O filme Livre, que em seu título original, Wild, faz muito mais sentido, é baseado em fatos reais. Conta a história da jovem Cheryl (Reese Witherspoon), que vê sua vida desandar numa espiral de drogas, esbórnia, desamor e descontrole após o episódio doloroso da morte de sua mãe, Bobbi (Laura Dern, verdadeira especialista em fazer papéis de doces mães no cinema), de uma forma rápida e devastadora. Bobbi era uma pessoa que via a alegria nas menores e mais improváveis coisas da vida, e quando se vai leva junto de si a força, determinação e vontade de viver de Cheryl.
Com uma narrativa não linear, o filme começa com Cheryl se preparando para fazer sozinha a travessia de 1100 milhas pela costa do Pacífico (Pacific Crest Trail- também conhecida como PCT), fazendo o espectador ficar imaginando qual é o real objetivo de todo aquele sacrifício. Descoberta que só fica realmente clara, quase chegando ao fim. Uma forma de prender o espectador que funcionou bastante.
Ambientado na natureza e em florestas dos EUA, passando pela fronteira com o México e com Canadá, as paisagens se alternam: uma hora neve até os joelhos, outra o árido clima quase sem árvores e o sol que racha a terra. A fotografia belíssima contribui para a dinâmica do filme, que não é cansativa. O que seria totalmente esperado de um filme que acompanha uma mulher fazendo uma trilha por 3 meses. No entanto, o diretor consegue cativar a atenção do espectador até o fim, mesclando as cenas da trilha solitária com cenas que remontam o passado de Cheryl, explicando assim os motivos que a levaram a isso.

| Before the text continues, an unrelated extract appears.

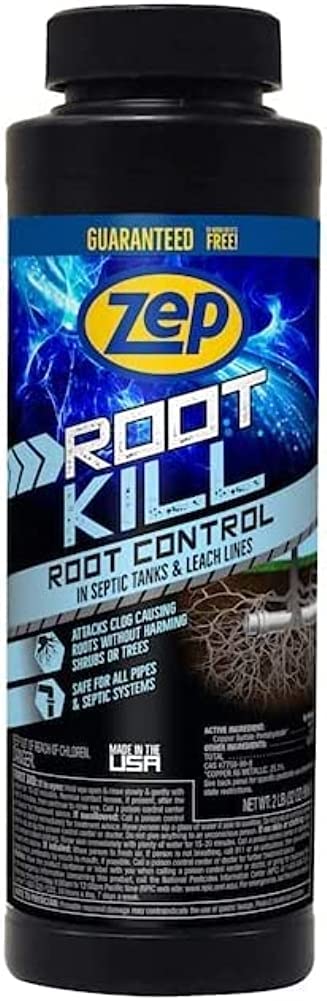 Zep Root Kill aplicado en campo demostrando tratamiento de tubería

Os cortes lentos e a inibição de sons durante cenas de fúria, gritos e desespero dão força ao sentimento de solidão que acompanha a história. Como um eco em nossa própria mente. É poética a cena em que sob o pôr do Sol, a protagonista conversa com a única mulher que encontra fazendo a mesma trilha, ela pergunta pra Cheryl se ela não se sente sozinha durante a viagem, e ela responde: “Me sinto mais sozinha na minha vida real do que aqui”.
Logo fica claro que Cheryl faz essa trilha numa tentativa de superar seus limites e reinventar sua vida, até então destruída. Ela chega ao fundo do poço, perde aquela que mais amou, magoa aqueles que mais a amaram. Então decide partir para o impensável, desafiar os limites do corpo e também superar os limites da alma. Falhou várias vezes e não quer falhar de novo. Precisa reencontrar a si mesma.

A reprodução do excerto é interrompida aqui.